Something I discovered several years ago was that my own womanly menstrual cycle changes my feelings of attraction towards men. During my period I am attracted to different men than during the rest of my cycle. When I ovulate I am attracted to different physical attributes in men. I have this strong feeling that my hormones have me attracted to more fertile men during ovulation and perhaps less so during my period. I often find that if I am attracted to someone during my period I am totally unattracted to them during the rest of my cycle. I also find I am attracted to certain colours during my period and totally put off by those colours during the rest of my cycle, so much so that I never go shopping for clothes during my period because I always buy colours that do not suit my skin tone and end up only ever wearing them during my period.
So attraction shifts and changes a lot for so many reasons.

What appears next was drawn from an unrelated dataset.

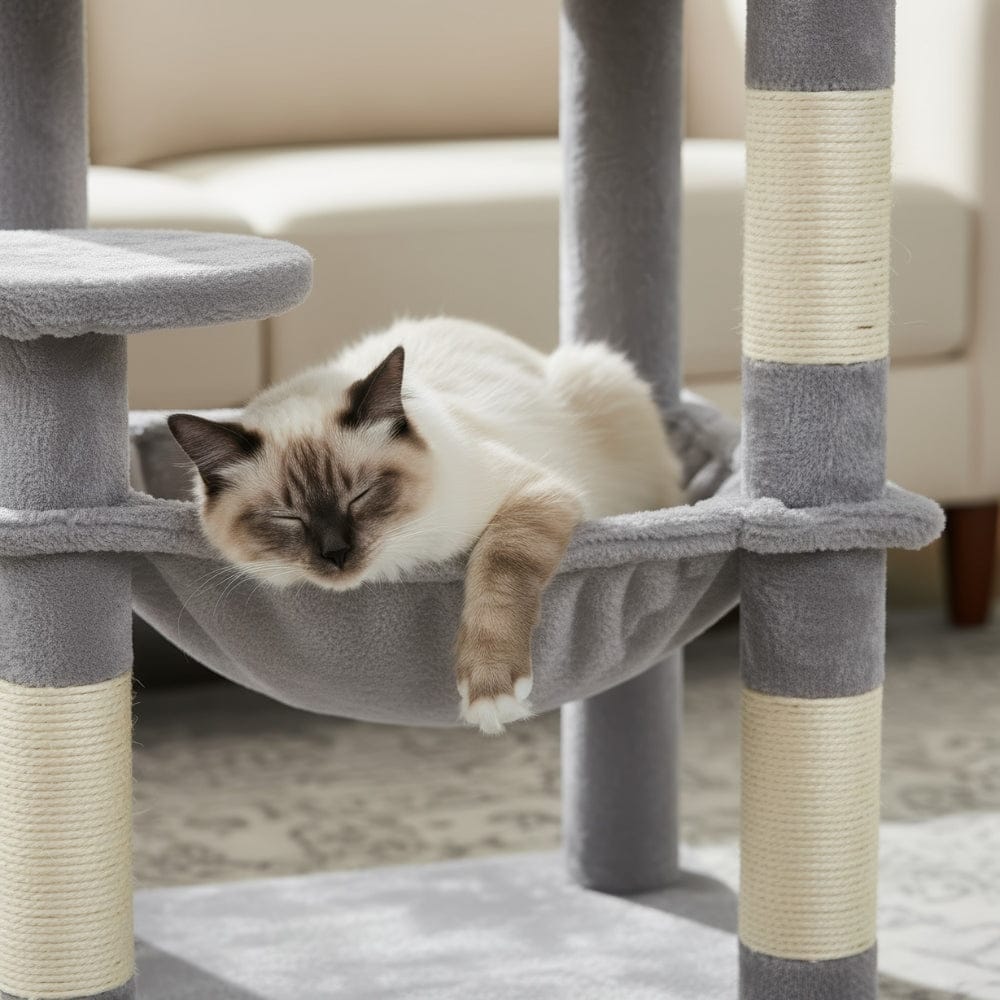 Arbre à chat hamac gris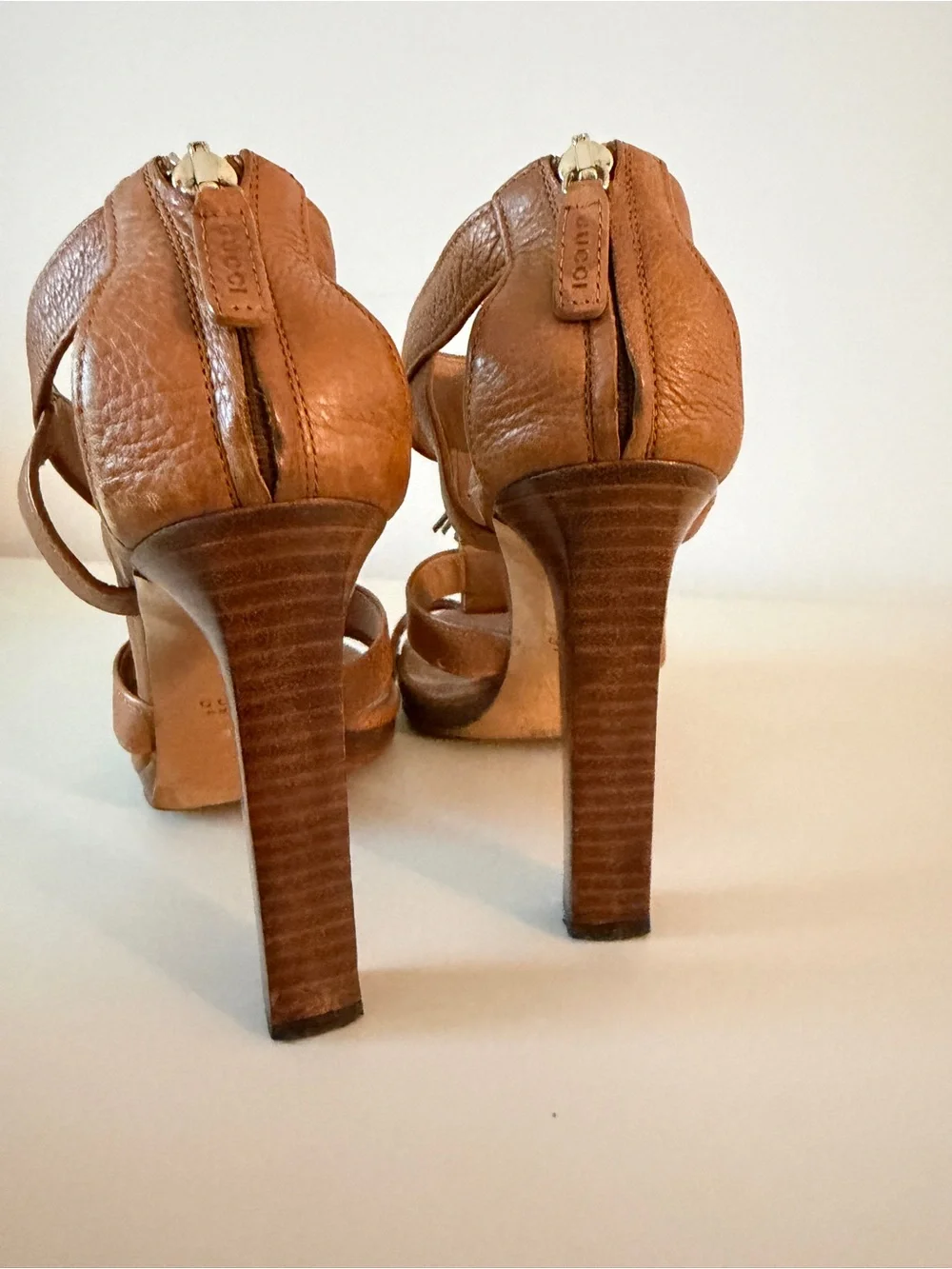 Gucci Brown Pebbled Leather Marrakech Open-Toe Block Heel Sandals Size 36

I am a big believer that everything happens for a reason and that no-one crosses our path who is not meant to be there. I also believe that before we enter the human body as a soul we make arrangements with people in non-physical that we will meet up with, be it become family or become friends or lovers. So often those deeper loves, those deeper attractions come from our choices made in non-physical. Often we have known our lover before, we may have had other lifetimes together, sometimes lovers, sometimes parents, children and changing roles during each lifetime. Those loves we may have a deeper growing love for could well be people we have known a long time and have agreed to meet at the perfect time in our lives to receive the gifts in relating with them. This could be a reason why when we meet someone we would not normally be attracted to, when our mind’s conditioned, pre-programmed attraction is generally towards another type of person, we are attracted to their essence, their soul and we recognise that this experience has great gifts because we have already agreed on a soul level to have this meeting with the ‘other’.
We often meet significant ‘others’ for a reason, a season or a lifetime. As we allow our journey to unfold from the place of ‘now’ we will discover why as we walk alongside them.

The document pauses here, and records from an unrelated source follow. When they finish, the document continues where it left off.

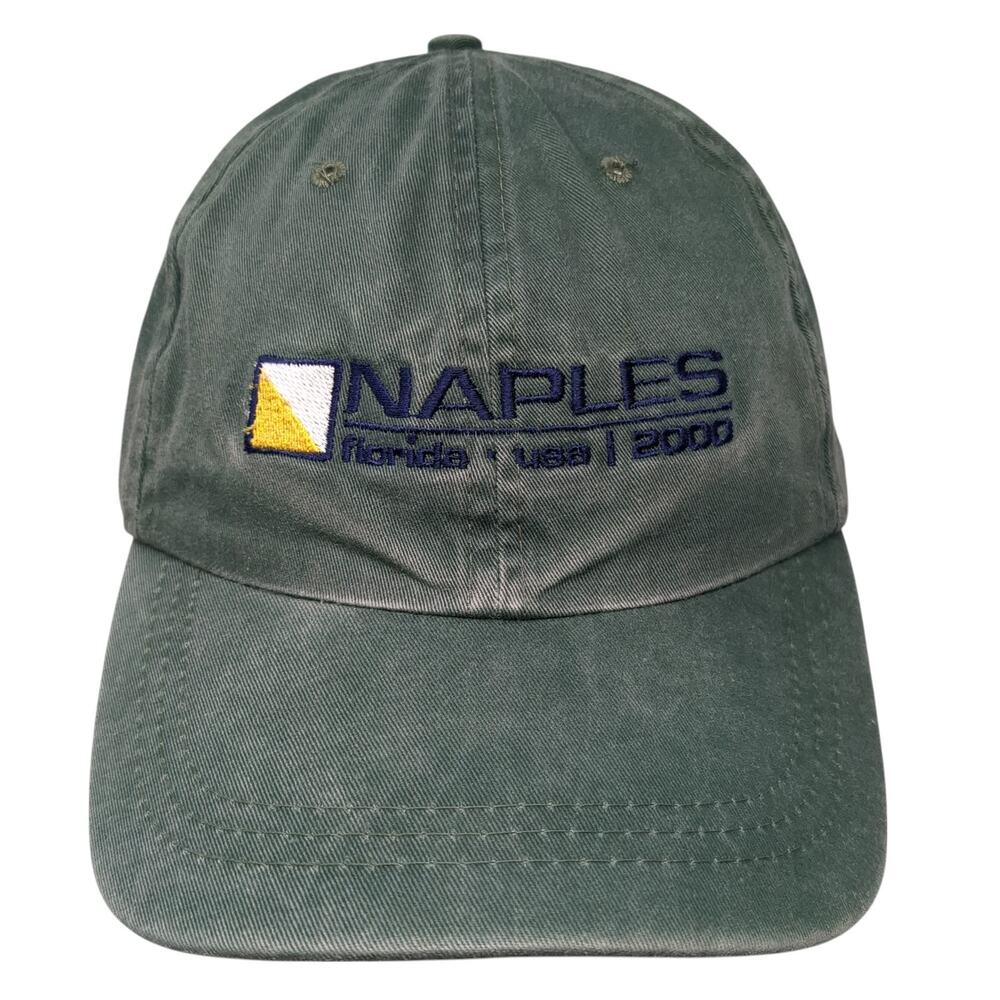 Naples 2000 Slideback Hat Green One Size Embroidered Fahrenheit Vintage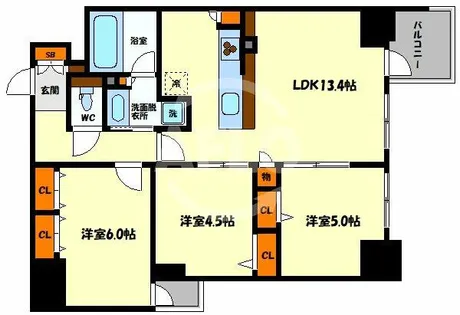 プレサンスロジェ心斎橋【7階】の間取り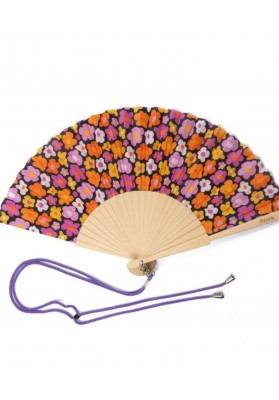 Eventail fleurs vintage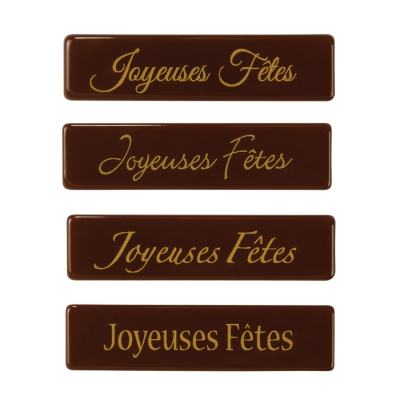 128 pcs Strip  Joyeuses Fêtes , dark chocolate 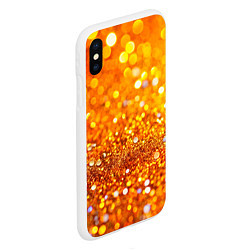 Чехол iPhone XS Max матовый Оранжевые и желтые блестяшки боке, цвет: 3D-белый — фото 2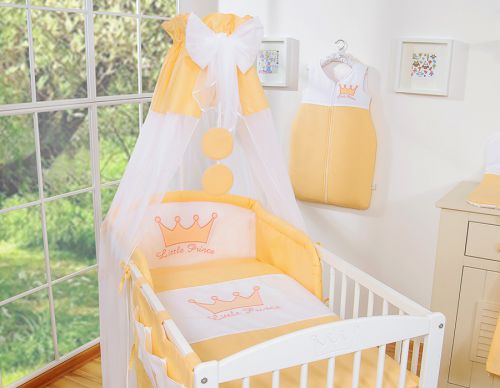 Bedding set 5-pcs with canopy- Little Prince/Princess peach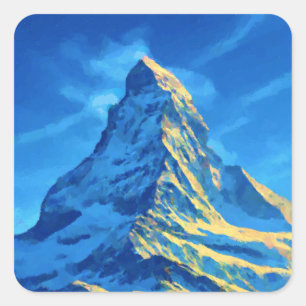 Majestic Matterhorn Quadratischer Aufkleber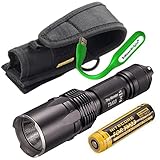 Nitecore TM03 2800 Lumen CREE LED Tiny Monster Flashlight/Searchlight, 18650 rechargeabe battery with EdisonBright USB reading light bundle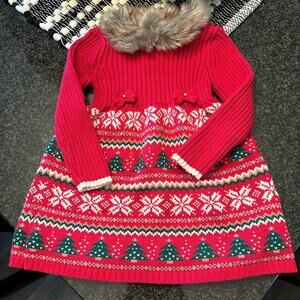 NWT Tommy Bahama Red and Green Fur Christmas tree Snowflake Sweater Dress 24m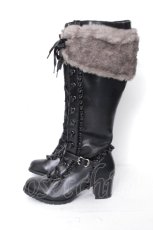 画像3: axes femme / レースアップロングブーツ L 黒 S-26-10-26-021-AX-SH-AS-ZS (3)
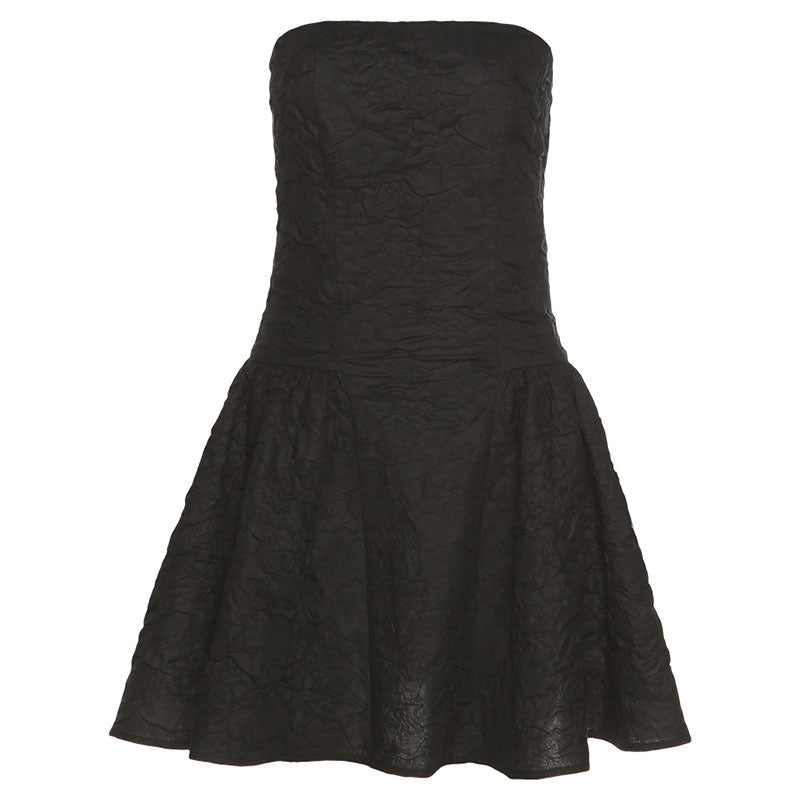 High Waist Slim Sexy Zipper Tube Top Halter Dress Women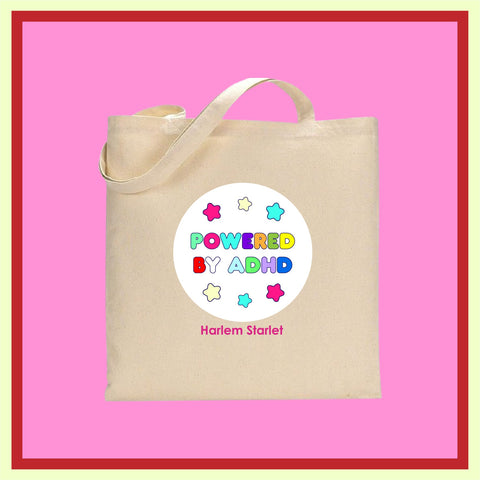 Tote Bag - Powered by ADHD in White - Harlem Starlet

Living as part of this often media-influenced society it is very easy to allow the programs put in place to control our physical attraction. From air-brushed images of models and women in magazines and on TV, to porn movies that are watched so regularly often by young men that literally brainwash them into being attracted to certain physical attributes in a woman, superficial attraction is just that – superficial.

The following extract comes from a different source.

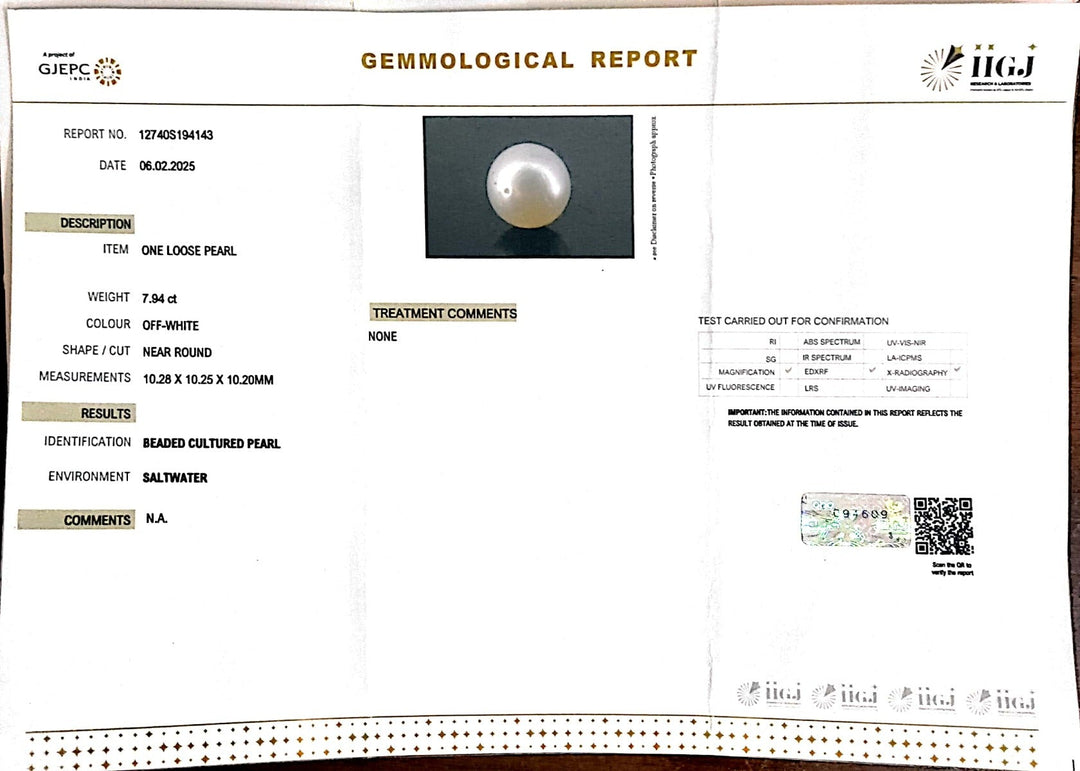 7.94/CT Natural South Sea Pearl With Govt. Lab Report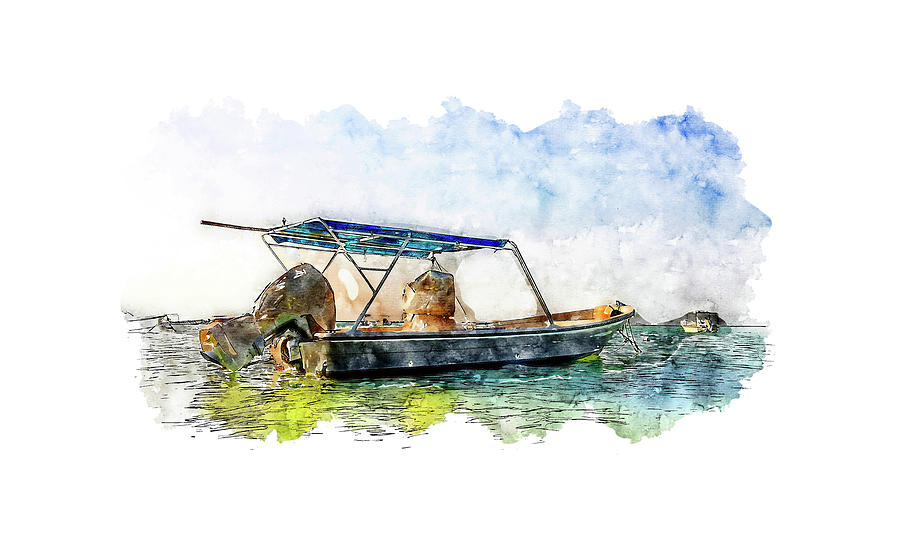 Cool Drawing - Fishermans Boat in the sea watercolor by Hasan Ahmed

Superficial does not last. We all age and lose our physical attributes over time, those we may have felt were part of our inherent beauty, so any relationship based on a superficial attraction will not last and more importantly will not have any depth.
When I was younger I had superficial attraction towards boyfriends and partners. I also had such low self-worth that I often settled for men I was only mildly attracted to, but I was so superficial that I would spend a lot of the relationship finding fault with how they looked. Even though those relationships were not meant to last and were meant to only be short experiences, looking back I can see with more knowledge that focusing on the positive qualities in a person draws those qualities out of them, and my negative focus possibly ruined any opportunity for going deeper with them.
At the moment I am processing and coming to terms with my own body changing and learning to adapt to my changing skin and body. I am not a master at this yet. Loving myself is a journey and the body is one aspect of this journey. But I know that as I learn to accept my physical self and see beyond the physical also, seeing the attractive qualities in myself shining through from my soul’s light, that attraction is a much larger experience than I ever thought possible.